Paylaş
Roma'da toplanan ‘‘sürgünde Kürt parlamentosu’’ dolayısıyla yaşanan gerginlik rastlantı değil. Daha doğrusu, gerginliğin kolayca giderilememiş olması doğal sayılamaz.
Çünkü, normalde, dost ve müttefik bir hükümetle böyle sorunların çabuk çözülmesi gerekirdi. Toplantı ya yasaklanır, ya da en azından açılıştaki basın toplantısının parlamento dışında, resmi olmayan yerde yapılması sağlanırdı.
İtalyan Komünist Partisi, yahut yeni adıyla ‘‘Demokratik Sol Parti’’ milletvekillerinin başlattıkları girişimin önlenemeyişi konusunda Roma makamlarınca gösterilen nedenlerin hiçbiri geçerli ve yeterli sayılamaz.
Peki, niçin böyle oldu?
Washington'un verdiği sinyalden sonra bu gibi gidişleri engellemek zordur.
Sinyal, elbette, PKK'yı ya da yandaşlarını kollayan bir sinyal değil. Tam tersine, Barzani'yle Talabani'ye imzalattırılan anlaşma, PKK terörüne karşı.
Ama, Irak'ın kuzeyinde ‘‘bağımsız bir Kürt devleti’’ mesajı verilmiştir.
Bu mesaj verildikten sonra gelişmelerin nereye varacağını kimse kestiremez. Böyle bir devletin er geç PKK'nın eline geçmesi büyük olasılıktır. Öbürleriyle karşılaştırıldığında, göreceli olarak, az çok bir ideolojisi ve bunu terörle kabul ettirebilecek örgütlenmiş silahlı gücü bulunan o.
Washington'un objektif olarak ihanet sayılabilecek büyük hatası da burada.
Böyle olunca, öbür ‘‘müttefik’’lerimizin uzun vadeli hesaplarla birkaç piyango numarasına birden oynamalarından daha doğal ne olabilir?
Bu durumda, Türkiye, artık başkalarının hesaplarına aldırış etmeksizin, kendi çıkarlarına en uygun tutumu takınmaktan başka yol düşünemez.
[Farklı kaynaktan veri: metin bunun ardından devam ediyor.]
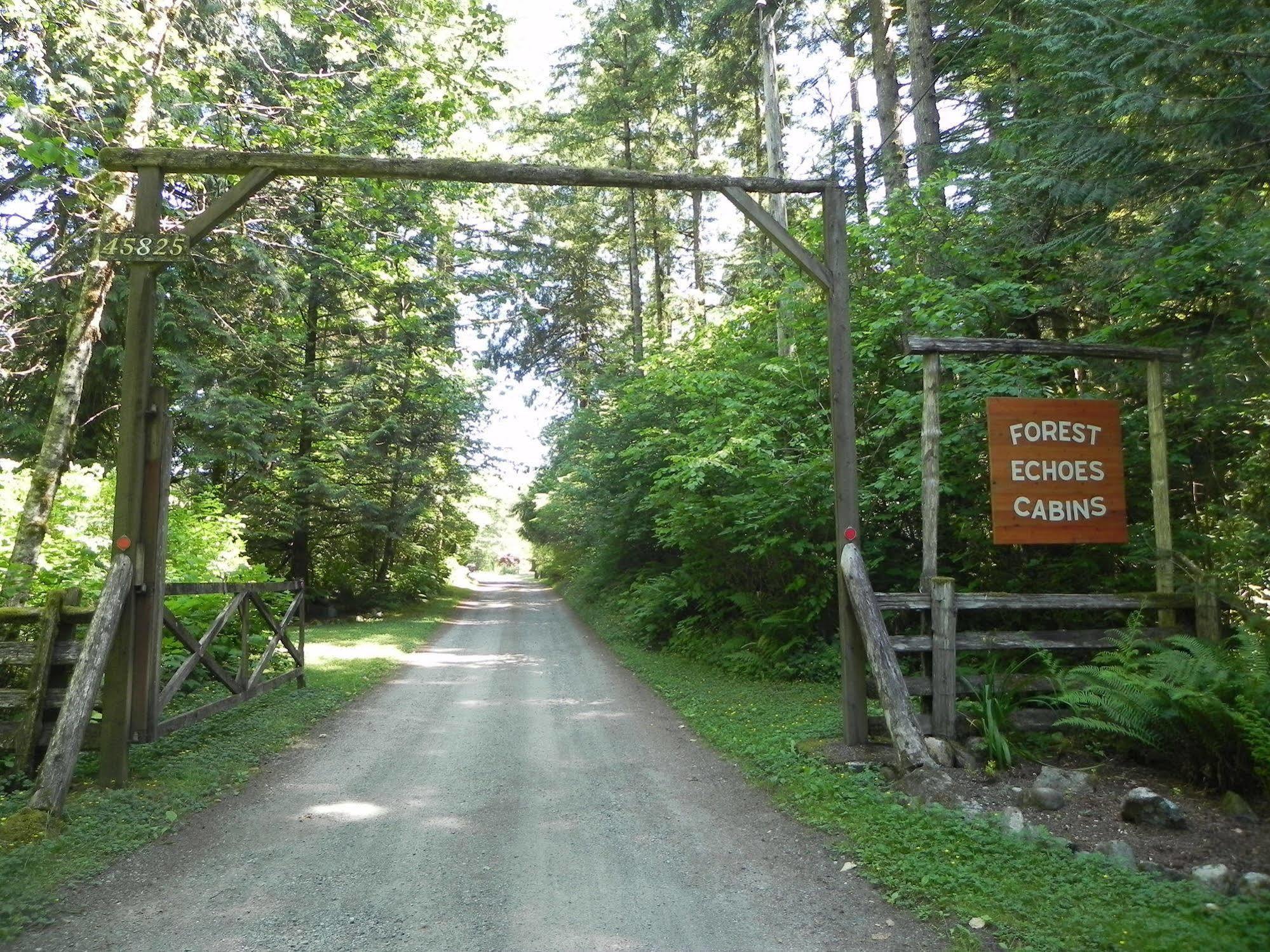 Forest Echoes Cabins Cultus Lake Exterior photo
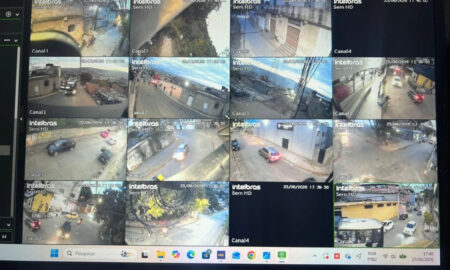 PM desmonta central de monitoramento usada por facção criminosa para vigiar viaturas em BH - Foto: Divulgação/PMMG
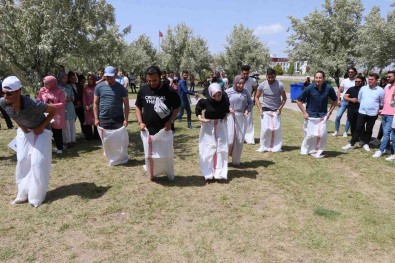 ASÜ'de Bahar Senlikleri Basladi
Bağdat'la diplomatik ilişkileri ‘‘büyükelçilik düzeyindeki işgüderlik’’ten resmen büyükelçilik düzeyine çıkarma kararı son derece yerinde sayılır.
Zaten, doğru olan da, komşu bir devletin toprak bütünlüğü konusuna ve Kürt sorununa, başkalarıyla değil, o devletle birlikte eğilmektir.
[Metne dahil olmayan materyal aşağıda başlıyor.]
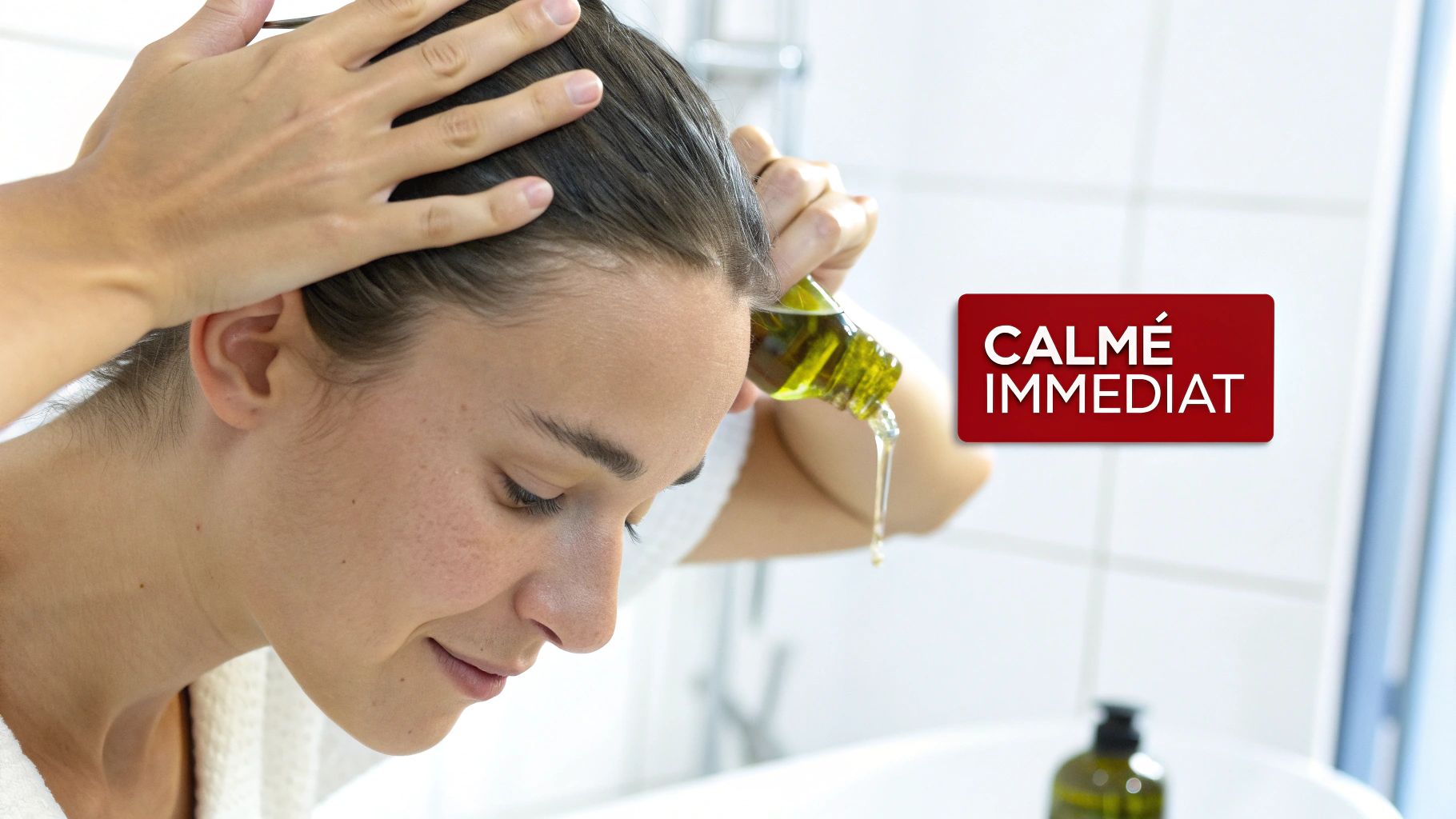 Femme appliquant un soin apaisant sur ses cheveux et son cuir chevelu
Belki, ortak sınırın iki yanında yaşayan Kürt halkına, iki devletin kendi siyasal sistemleri çerçevesinde akılcı, barışçı, özgürlükçü ve insanca çözümleri birlikte bulmanın yolu da yine böyle bir diyalogtan geçecektir.
Önemli olan şu: Türkiye, dost bildiği ülkelerin kendisine ilişkin bir takım hesaplar içinde bulunmalarına alışık olmak, ama çıkarını her şeyin üstünde tutmak zorundadır. Onlar, her ne kadar ‘‘Güçlü Türkiye isteriz’’ derlerse de, Soğuk Savaş döneminin o yaklaşımı artık, ‘‘çeşitli iç ve dış sorunlar yoluyla kontrol altında tutulup bu sayede bölge için şu ya da bu biçimde kullanılabilir bir Türkiye’’ düşüncesine dönüşmüştür.
Sorunsuz Türkiye, birçok konuda ‘‘Hayır’’ diyebilecek bir Türkiye'dir. Bu ise, ne Kıbrıs'la Ege'yi ‘‘çözmeye’’ yarar, ne de Avrupa'nın, İngiltere'nin, Almanya'nın ve hatta Amerika'nın Türkiye'den istediklerini koparmalarına.
Çerçevenin içine bir de Anadolu üzerindeki Kürt, Ermeni ve Rum hayallerini eklerseniz, ortaya çıkan tablo, ister istemez, Sevr'i veya ‘‘hasta adam’’ın son yüzyılını akla getirir.
Böyle olduğu içindir ki, ‘‘sağlıklı’’ bir Türkiye yaratmaktan başka çare yoktur. Bu ise otuz yıldır Türkiye'yi iyi etmek için üzerine eğilip büsbütün hasta eden aynı adamlarla başarılabilecek bir iş değildir.